**ABOUT THIS TASK:** In full and unchanged, set down the entries that follow, with no images.
SOURCE RECORDS section start
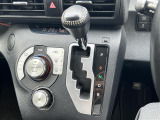 気になる車はすぐにお問い合わせください!画面右側の0066から始まる無料ダイヤルからお問い合わせ下さい!専門スタッフがお車のご質問にお答えいたします!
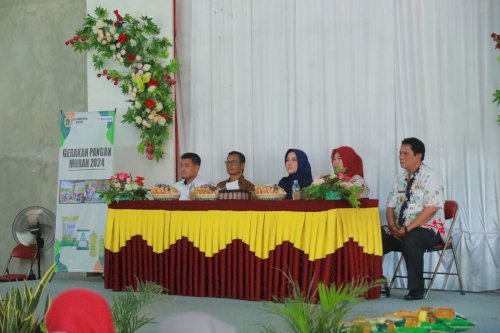 Bupati Klaten Serahkan Bantuan Pangan Murah Kepada Masyarakat Juwiring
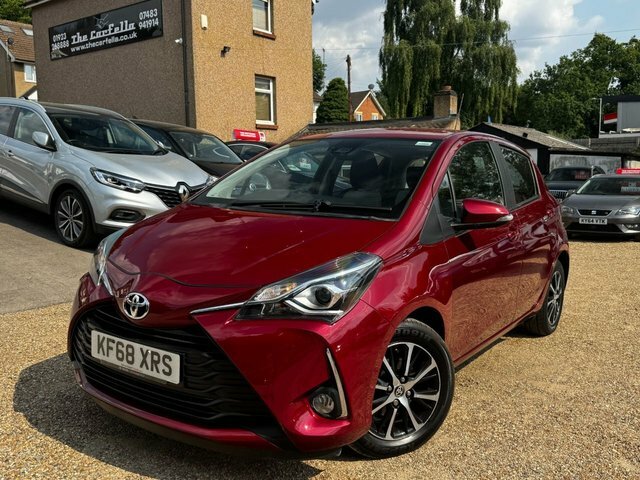 Toyota Yaris 1.0 Vvt-i Icon Tech Hatchback Eu Red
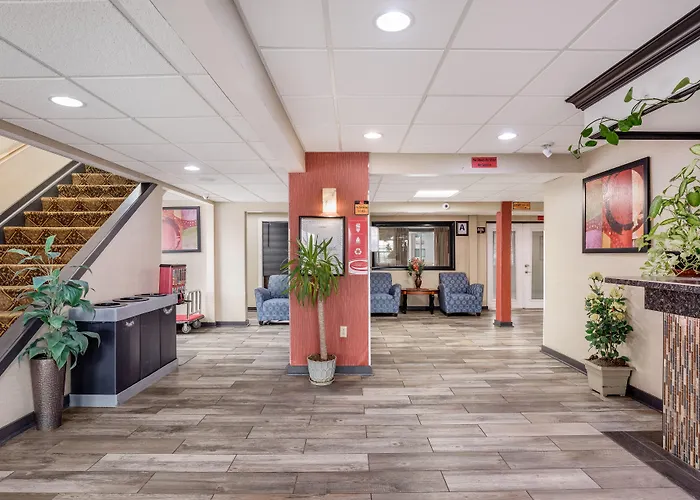 Econo Lodge Milwaukee Airport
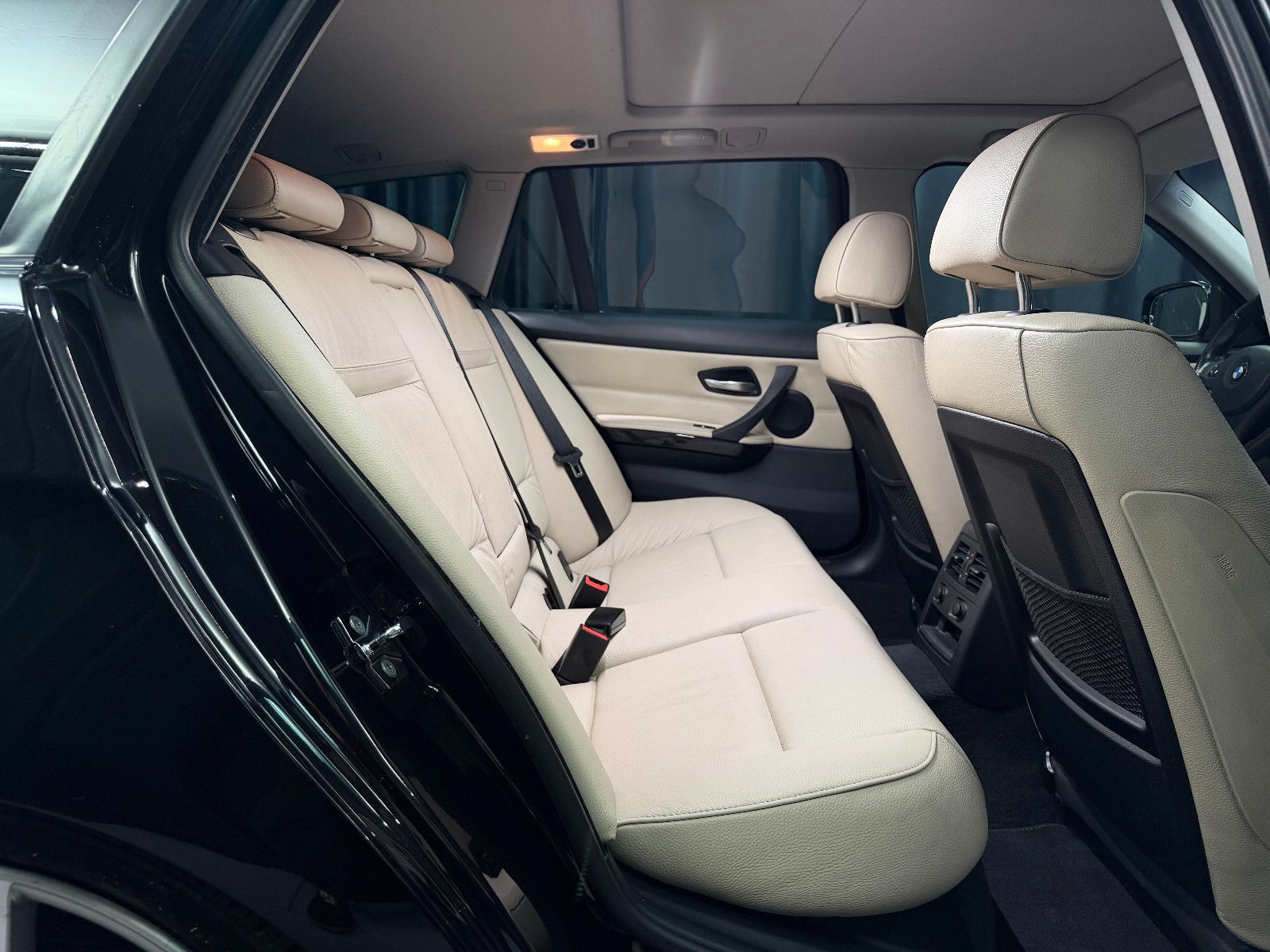 Fahrzeugabbildung BMW 335 i xDrive Touring|LEDER|NAVI|PANO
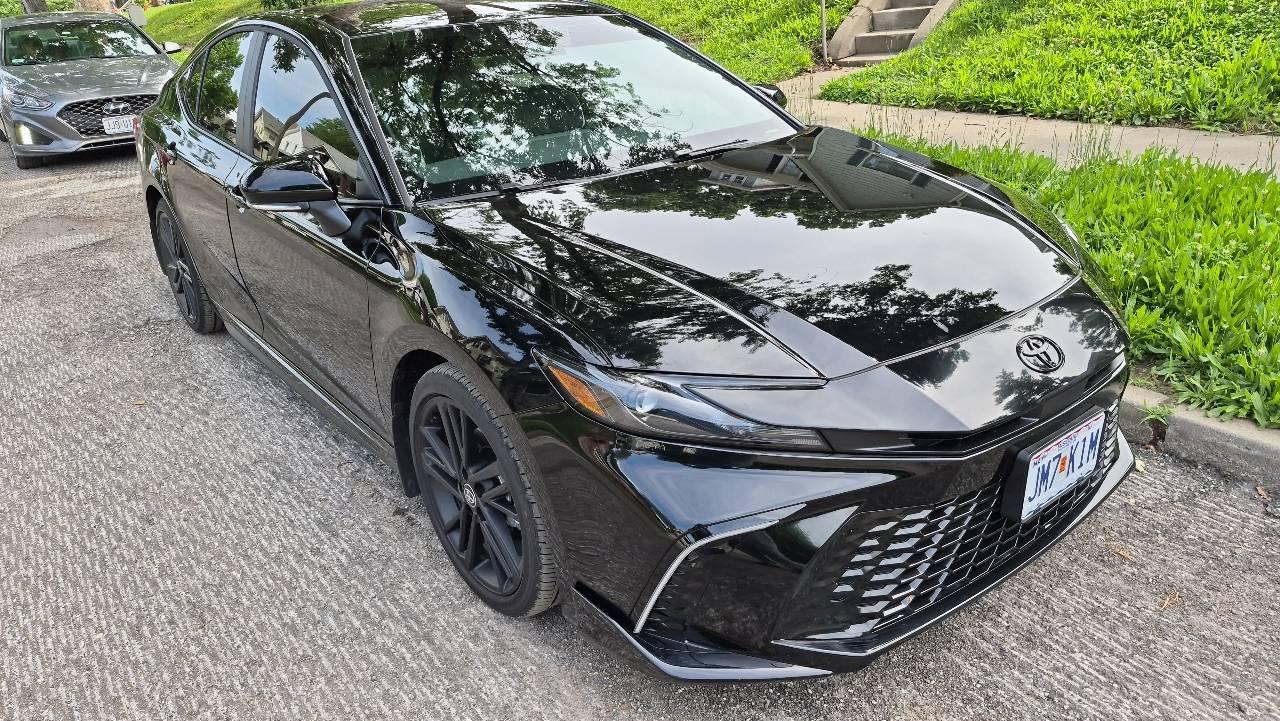 Toyota Camry Hybrid 2026 in 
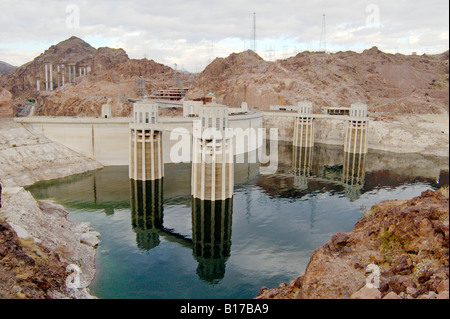 Hoover-Staudamm liegt auf dem Colorado River zwischen Nevada und Arizona, gebaut für Wasserkrafterzeugung Stockfoto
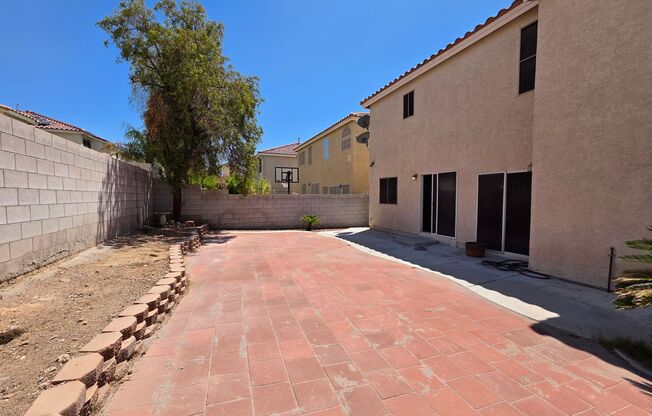 4 beds, 3 baths, $2,600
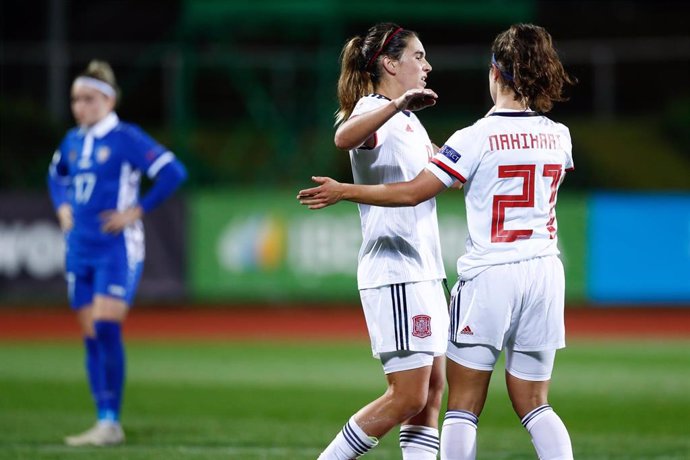 Archivo - Mariona Caldentey y Nahikari García celebran un gol en el España-Moldavia de la fase de clasificación para la Euro 2020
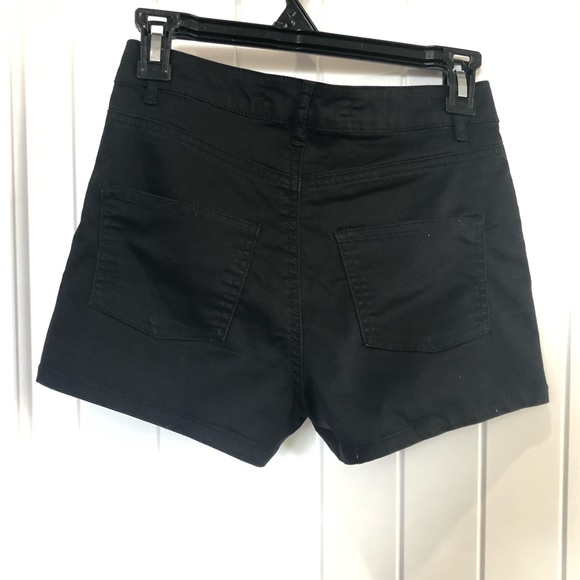 Bluenotes size 26 high waist black shorts - Picture 3 of 3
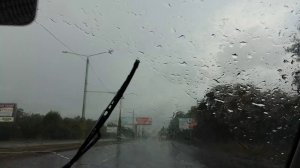 Сильный дождь, ливень по дороге. Звук дождя по машине.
SOURCE RECORDS section end
**OUTPUT OF THE EXERCISE:**
 気になる車はすぐにお問い合わせください!画面右側の0066から始まる無料ダイヤルからお問い合わせ下さい!専門スタッフがお車のご質問にお答えいたします!
 Bupati Klaten Serahkan Bantuan Pangan Murah Kepada Masyarakat Juwiring
 Toyota Yaris 1.0 Vvt-i Icon Tech Hatchback Eu Red
 Econo Lodge Milwaukee Airport
 Fahrzeugabbildung BMW 335 i xDrive Touring|LEDER|NAVI|PANO
 Toyota Camry Hybrid 2026 in 
 Hoover-Staudamm liegt auf dem Colorado River zwischen Nevada und Arizona, gebaut für Wasserkrafterzeugung Stockfoto
 4 beds, 3 baths, $2,600
 Archivo - Mariona Caldentey y Nahikari García celebran un gol en el España-Moldavia de la fase de clasificación para la Euro 2020
 Bluenotes size 26 high waist black shorts - Picture 3 of 3
 Сильный дождь, ливень по дороге. Звук дождя по машине.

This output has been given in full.